At M on the Bund, which occupies the palatial former headquarters of the Shanghai Shipping Co., I gasped at the swank supper-club look (backlighted fiberglass columns, banquettes draped in Thai silk) and stunning views of the Bund, the city's old business district. This is Asia's most dazzling new restaurant, hands down. Michelle Garnaut, the Australian owner (who also created Hong Kong's M on the Fringe), winces at the memory of her first visit to Shanghai, 15 years ago: "It was all greasy pork and potatoes; even chicken was scarce." Today her Melbourne-trained chef, Andrew McCommell, delights in serving locally raised foie gras with Sauternes gelée; a splendid risotto with mushrooms gathered from nearby woods; and a plump Shanghainese goose, rendered into an artful assemblage of sausage, smoked breast, croquettes, and liver.
And what of the nouvelle Shanghainese trend?"Try L.A. or Hong Kong," locals chorused. That's where the immigrant cooking flourished, undisturbed by Communist shortages. But now Shanghai is catching up with itself. Case in point: Xian Chiang Fong (called Folk Restaurant in English), which in two years has become such a hit, the owners swiftly opened two more branches. The draw?Jia chang tsai—"family cooking"—slightly tweaked for the new middle class. Instead of lanterns and dragons you get checked tablecloths and petit bourgeois furniture; individual servings in cute earthenware with wooden utensils replace the proletarian lazy Susan. It's hard not to love fo tiao qiang, a clay-pot soup teeming with pork, chicken, and turtle meat, simmered all day. Or the succulent deep-fried pork ribs; the ethereal cold bundles of eight vegetables wrapped in bean-curd skin; the sublime stir-fried tarragon shoots. For drama, order shrimp, alive only minutes ago, slapped against smoking-hot stones that cook them in a flash. And don't forget the famed "drunken crab," a raw crustacean marinated in the region's outstanding rice wine. The chili addicts of Szechwan can keep their tongue-numbing hot pots—I'll take Shanghai.
Canton Grand Hyatt Shanghai, 2 Century Blvd., Jin Mao Tower, 55th floor, Pudong; 86-21/5049-1234; dinner for two $60.
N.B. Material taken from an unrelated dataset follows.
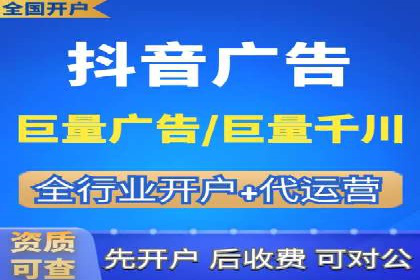 百度SEM代运营全解析，助力企业快速成长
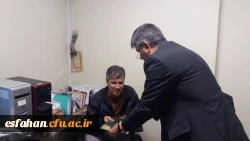 تقدیر و تجلیل از کارمند دارای معلولیت دانشگاه فرهنگیان استان اصفهان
Lu Bo Lang 115 Yuyuan Rd.; 86-21/6328-0602; lunch for two $40.
Jie Shi Restaurant 41 Tianping Rd.; 86-21/6282-9260; lunch for two $20.
1221 1221 Yan An Rd. W.; 86-21/6213-6585; dinner for two $30.
Ali YY 5 Dongping Rd.; 86-21/6415-9448; dinner for two $10.
M on the Bund 20 Guangdong Rd., seventh floor; 86-21/6350-9988; dinner for two $68.
Xian Chiang Fong 57 Nanchang Rd.; 86-21/6372-9893; dinner for two $37.
Xiao long bao—soup-filled dumplings
Sheng jian bao—pork buns (the bottoms are pan-fried, the tops steamed)
Qiang bai xie—"drunken crab" (cracked raw crab marinated in rice wine)
You tiao—breakfast crullers; dunk them in soy milk
Xue cai dou ban su—mashed broad beans and pickled vegetables (Shanghai's answer to hummus)
Xun yu—"smoked fish"; not actually smoked, but fried and coated with a mix of soy sauce and caramelized sugar
Pai gu su—spiced spareribs, parboiled then fried to a crisp
Hong shao ti pang—"red-braised" pork shank
Kao fu—bran cakes in five-spice soy sauce
Sha guo shi zi tou—"lion's head" (big fluffy pork meatballs with bok choy)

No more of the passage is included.